As for UConn, Blidi Wreh-Wilson and his running mate at cornerback Dwayne Gretz shined, Trevardo Williams flashed, and a handful of other notes here from this Big East vs. MAC game.
MDD Staff Scout: Alex Farnworth
#8 OLB Trevardo Williams
-Lines up outside with hand on the ground about 45% of the time
-Forces QB back inside, strong enough to bring them down with arm tackles while still engaged in blocks
-Very disciplined, forces runs back up the middle
Overview: Williams stayed on his side of the field for the most part and consistently forced the scrambling quarterback to the middle of the field. Williams would go unblocked on several plays, when that happens he needs to get the sack, no questions asked.
#3 OLB Sio Moore
-Blows up the run game
-Not fooled by play-actions
-Recovered a botched snap on a punt
-Untouched on several blitzes, fails to swat the pass
Overview: Moore was an anchor in the Husky run defense in this matchup. Although the stat sheet doesn’t show it (6 tackles, 0.5 for loss), Moore took on blockers allowing other players to make plays in the backfield. Moore’s forte is definitely run defense, but showed solid versatility throughout the game.
#5 CB Blidi Wreh-Wilson
-Physical in press coverage
-Missed several tackles on QB-run plays
-Plays the outside WR
-Mirror’s the route, runs with the WR step for step
Overview: UCONN has a very physical cornerback tandem that excels in man coverage. Wreh-Wilson is 6’2 who loves to pressure the WR at the line of scrimmage and s rarely fooled. Buffalo WR struggled to get open all game.
#94 TE Ryan Griffin
-Lines up on the line almost every play
-Blocks using mostly his upper-body strength
-Quick out of his breaks, blew by LBs on a seam route for a 30+ yard score
-Breaks through arm tackles with ease
-Doesn’t chip the DE when he goes out for a pass
-Lined up in shotgun at split back in third quarter. Ran to the flats, no target
Overview: Griffin was not used a whole lot in this matchup; he only had one target and his playtime might have been affected by the amount of running Connecticut did. Griffin shows great speed as a big tight end (6’5), but needs to improve in pass protection.
#7 CB Dwayne Gratz
-Got turned around a few deep-balls, none were caught
-Long arms, deflects touch passes with ease
-Good recovery speed
-Steps up in the run, makes tackles at the line of scrimmage
-Caught up on a play-fake with 3:12 left in the fourth quarter, bailed out by bad throw
Overview: Gratz is more raw than Wreh-Wilson but is still a shut down corner in the Big East. Gratz’ ball skills are not up to par and he plays the ball in the air poorly but has the size and speed to recover and deflect passes at the last second. As a #2 corner, he steps up into the run game on the weak side but needs to improve his form-tackling; arm tackles won’t cut it in the NFL.
#6 WR Michael Smith
-False start called last in the first half
-Zero targets through first half
-Redzone target in mid-third, caught on sideline, fought to the 3 yard line
Overview: The Huskies did not pass the ball a lot and when they did, it was mostly check-downs or designed screens. Smith stayed focused all game and was ready to make plays when thrown to in the second half. A physical, possession receiver, who does not go down easy.
#63 OG Adam Masters
-Lines up as right guard (listed as a tackle on depth chart)

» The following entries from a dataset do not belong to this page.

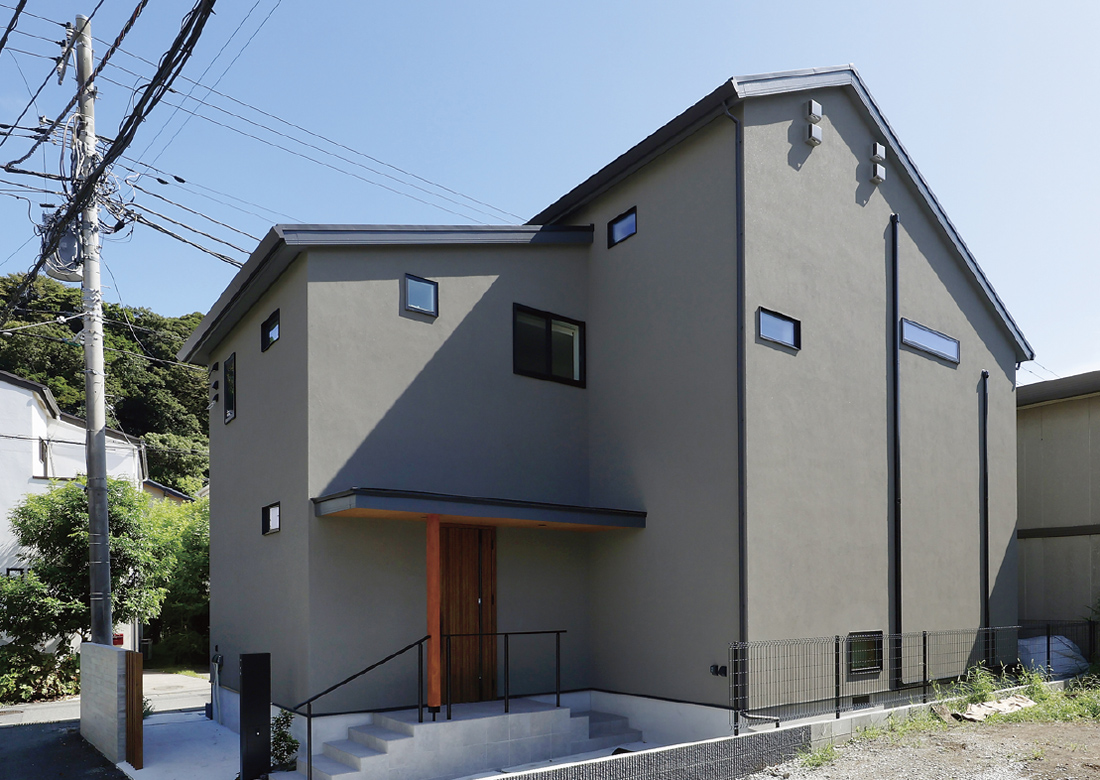 材木座の家 鎌倉市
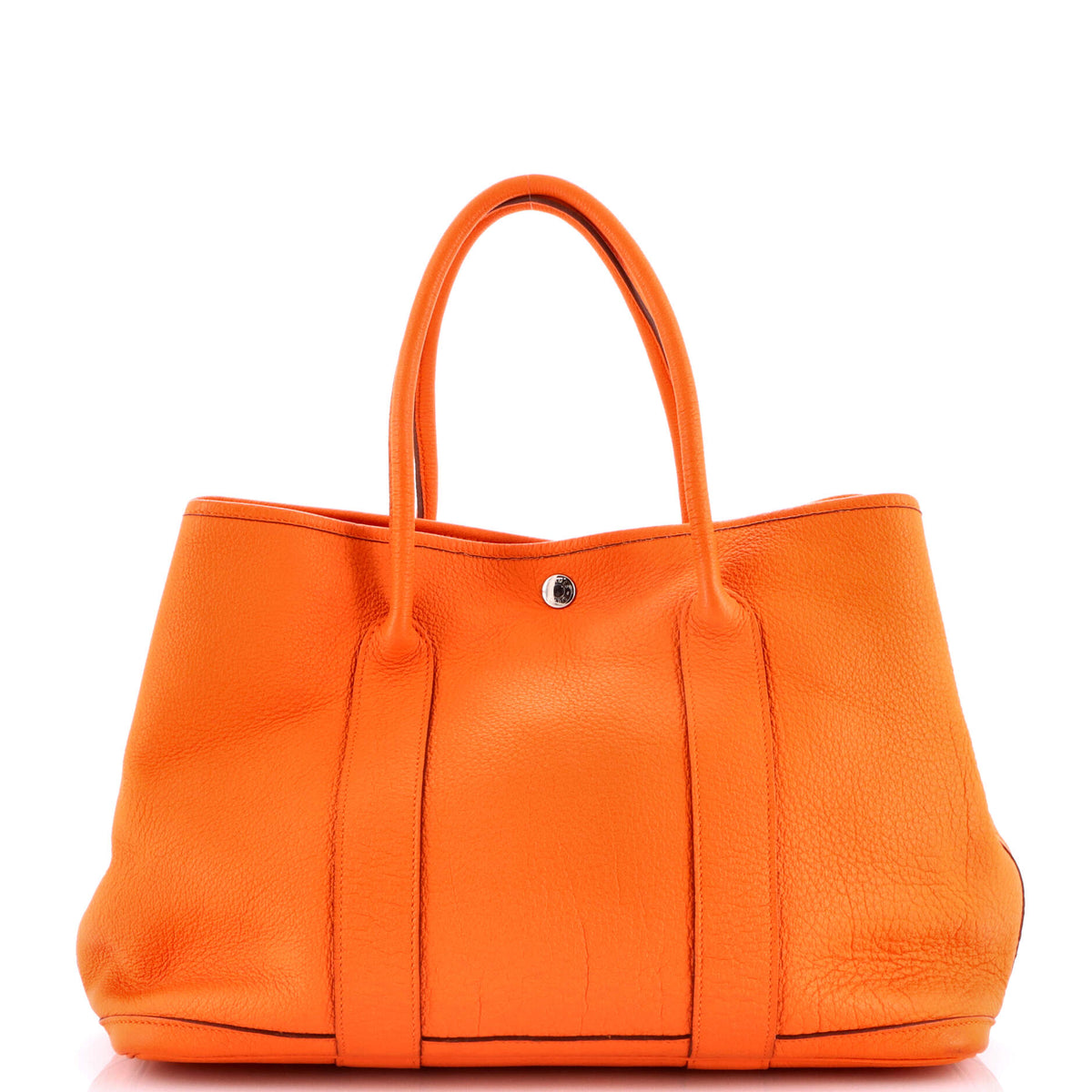Herm?s Garden Party Tote Leather 36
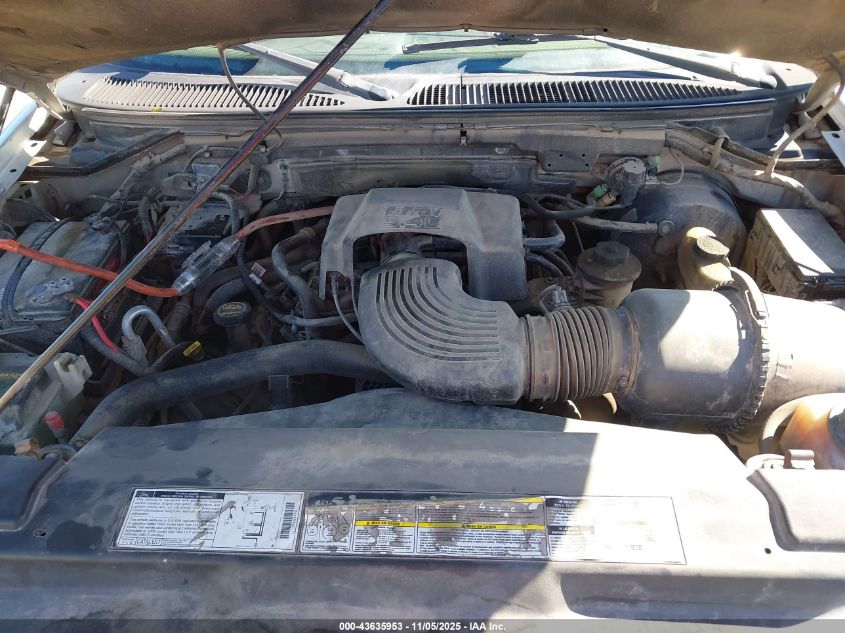 2002 Ford Expedition Eddie Bauer VIN: 1FMRU17L32LA31399 Lot: 43635953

-Very quick in his pulls; gets downfield
-An undersized mauler
-Athletic, but, needs to get stronger
Overview: Masters needs to bulk up if he plans to play at the next level. Playing right guard he was overpowered at times but did good at getting out in front of the play on screens. Listed at 298 but plays like he is 240, needs to hit the weight room, could be coached into a great guard.
#40 DE Steven Means
-Shows ability to hunt down RB’s in the passing game
-Low center of gravity, doesn’t allow OL to get leverage
-Drew a lot of double teams
-Fights off his blocks, pursues the run even past the line
-Involved in a lot of gang tackles, needs to show he can do it himself (4 tackles, all assisted)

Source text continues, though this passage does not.